AIM OF THE EXERCISE
The answer must reproduce the listing exactly, with every picture left out.

*** COLLECTED DATA Section Begins ***

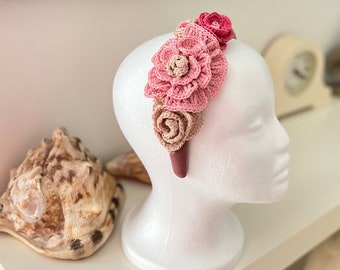 Crochet flowers headband, wedding/graduation headpiece, fascinator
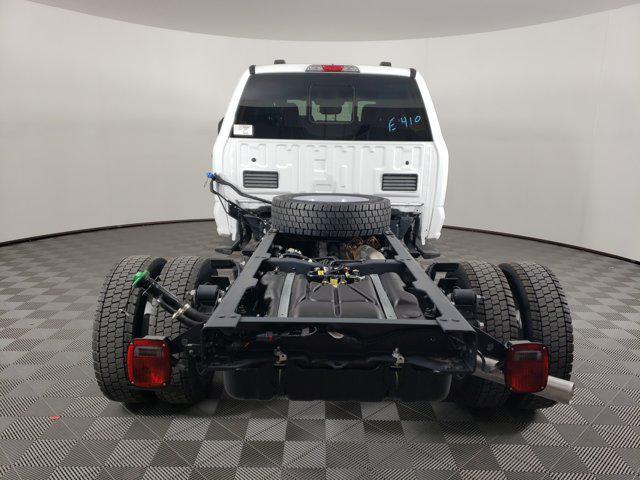 new 2025 Ford F-450 car, priced at $73,201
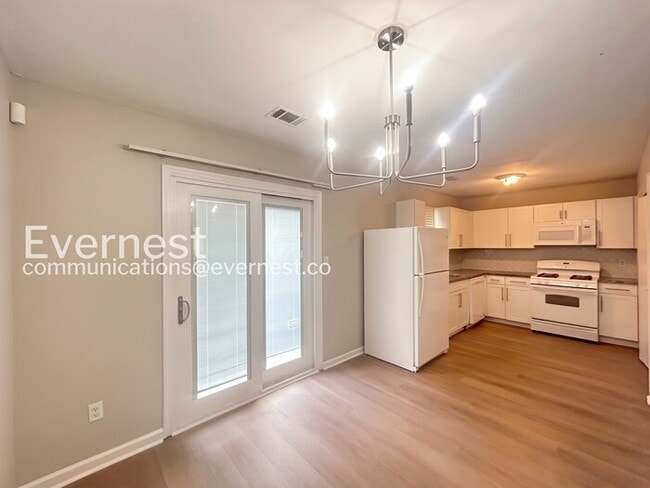 909 Silverwood Dr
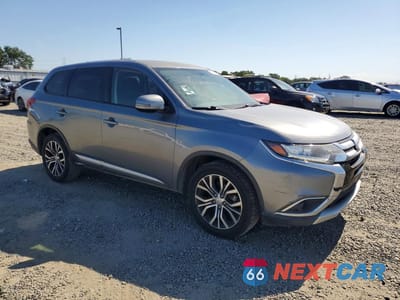 Czwarte zdjęcie samochodu z boku: 2018 MITSUBISHI OUTLANDER SE VIN:JA4AD3A3XJJ001780 - miniatura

*** COLLECTED DATA Section Ends ***

OUTPUT
 Crochet flowers headband, wedding/graduation headpiece, fascinator
 new 2025 Ford F-450 car, priced at $73,201
 909 Silverwood Dr
 Czwarte zdjęcie samochodu z boku: 2018 MITSUBISHI OUTLANDER SE VIN:JA4AD3A3XJJ001780 - miniatura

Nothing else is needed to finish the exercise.